Terraform — Infrastructure as Code
Declarative infrastructure. Providers, state, modules — and why your cloud should be defined by code review.
Why Infrastructure as Code
Without IaC, infrastructure lives in:
• People's heads ("only Bob knows how the load balancer is configured")
• Click-ops in cloud consoles (untracked changes, no review)
• Hand-written scripts that drift over time
• Confluence pages that go out of date
The problems compound:
• Different environments diverge (production has settings nobody copied to staging)
• Changes break things mysteriously (no audit trail)
• Recovering from disaster requires reconstructing from memory
• New environments take days/weeks to set up
• Reviewing changes is impossible
Infrastructure as Code (IaC) fixes this. You describe your infrastructure in code, store it in Git, review it like application code, and apply it via automation.
The benefits:
• Every change is a Git commit — full history, rollback possible
• Code review catches mistakes before they hit production
• Same code creates dev, staging, production — no drift
• Disaster recovery: re-run the code
• New environments take minutes
• Onboarding: "read these files, that's our infrastructure"
The 2026 standard is Terraform (or its open-source fork OpenTofu). Pulumi, AWS CDK, and configuration management tools (covered in Module 22) are alternatives. This lesson is Terraform-focused because it's the most widely-used.
Terraform Mental Model
Terraform is declarative: you describe the desired state, Terraform figures out how to get there.
The core loop:
1. You write .tf files describing what you want (an EC2 instance, an S3 bucket, etc.)
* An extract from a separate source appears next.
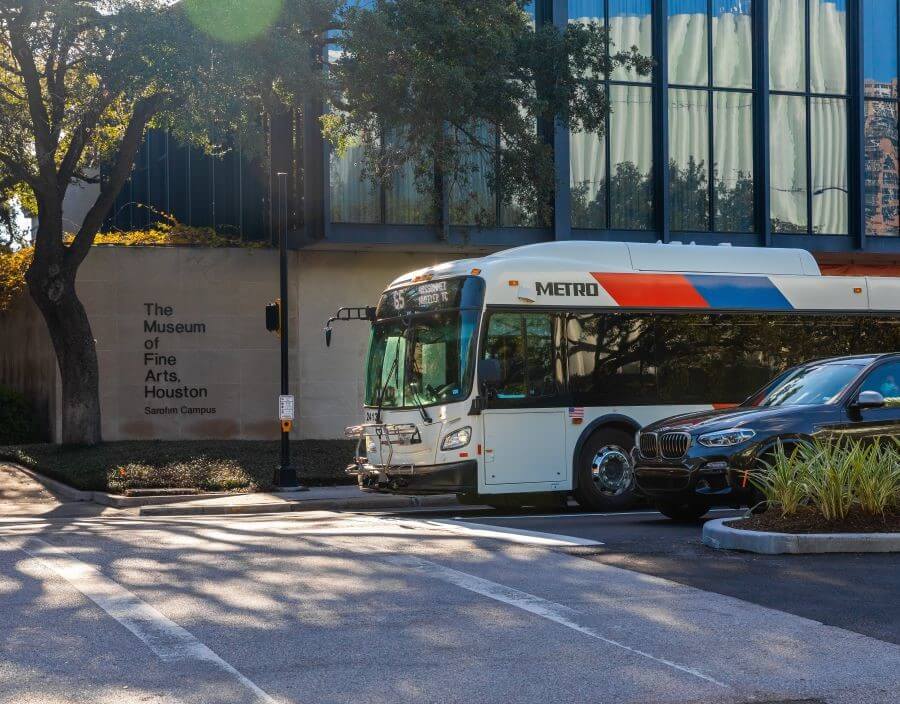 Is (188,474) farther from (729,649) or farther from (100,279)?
(729,649)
2. Run terraform plan — Terraform compares your code to what currently exists in the cloud and shows the diff
3. Review the plan
4. Run terraform apply — Terraform makes the changes
Terraform tracks state — what it has created. The state file is critical: it maps your code's resources (aws_instance.web) to real cloud resources (i-1234567890abcdef0).
A trivial Terraform file:
# main.tf
terraform {
required_providers {
aws = {
source = "hashicorp/aws"
version = "~> 5.0"
}
}
}
provider "aws" {
region = "us-east-1"
}
resource "aws_instance" "web" {
ami = "ami-0c55b159cbfafe1f0"
instance_type = "t3.micro"
tags = {
Name = "my-web-server"
}
}
Run:
terraform init # download provider plugins
terraform plan # show what would change
terraform apply # make it so
terraform destroy # remove everything Terraform created
The init step downloads the AWS provider — code that knows how to translate Terraform resource definitions into AWS API calls. Providers exist for AWS, GCP, Azure, Kubernetes, GitHub, Datadog, hundreds more.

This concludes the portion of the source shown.